We expect this strategy to be implemented effectively post-pandemic since, according to management, the group is focusing on surviving the pandemic. We are optimistic about the potential success of the merger. As at the end of 1Q2020, NCBA reported witnessing the
following synergies from the merger:
1) Revenue growth and commercial organization supported by:
i. enhanced cross-selling
ii. adoption of best in class sales practices and
iii. improved risk management
2) Greater potential to scale owing to:
iv. an alignment towards cost effective deposit raising
v. shift towards improved deposit mix and current account deposits
vi. improved access to capital markets due to scale
3) Operational optimization hinged on:
vii. branch optimization
viii. it integration and consolidation
ix. integration and optimization of support functions
x. consolidated procurement and facility management

1Q2020 Results Commentary:

 NCBA Group realized after tax profits of KES 1.6 bn in 1Q2020.
 The group’s profitability was underpinned by robust operating income which stood at KES 10.9 bn and improved operational efficiencies; the group’s cost-to-income ratio stood at 41.5% (lower than CBA’s 53.9% and NIC’s 47.6% in 1Q20219).
 According to management, the group’s cost-to-income ratio largely benefitted from synergies unlocked from the merger (branch optimization, integration of support functions as well as IT integration and optimization).

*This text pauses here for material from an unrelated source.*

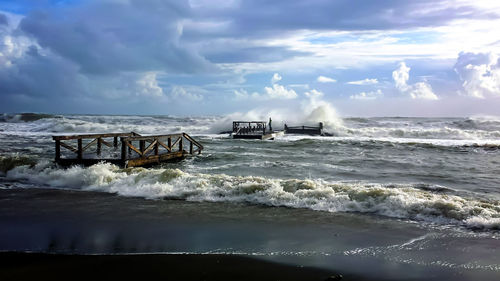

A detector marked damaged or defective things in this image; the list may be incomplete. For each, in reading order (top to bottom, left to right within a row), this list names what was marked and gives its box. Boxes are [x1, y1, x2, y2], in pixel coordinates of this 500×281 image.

broken dock section [232, 120, 284, 139]
broken dock section [52, 131, 203, 166]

 The group’s customer deposits which grew by 3.2% q/q from KES 378.2 bn in FY2019 to KES 390.5 bn 1Q2020, was mostly channeled towards:
o Lending in the Interbank market: Cash and balances with central banks and commercial banks (+16.3% q/q to KES 73.0 bn) and
o Government and investment securities (+5.9% q/q to KES 154.7 bn)
 NCBA’s loan book contracted by 1.4% q/q to KES 245.9 bn as the group adopted a cautious lending strategy amidst a slowdown in loan origination due to the COVID-19 pandemic.
 Asset quality deteriorated further in 1Q2020; NPL ratio rose to 14.1% from 12.1% as at the end of FY2019 and this was attributable predominantly to legacy accounts (prior merger accounts).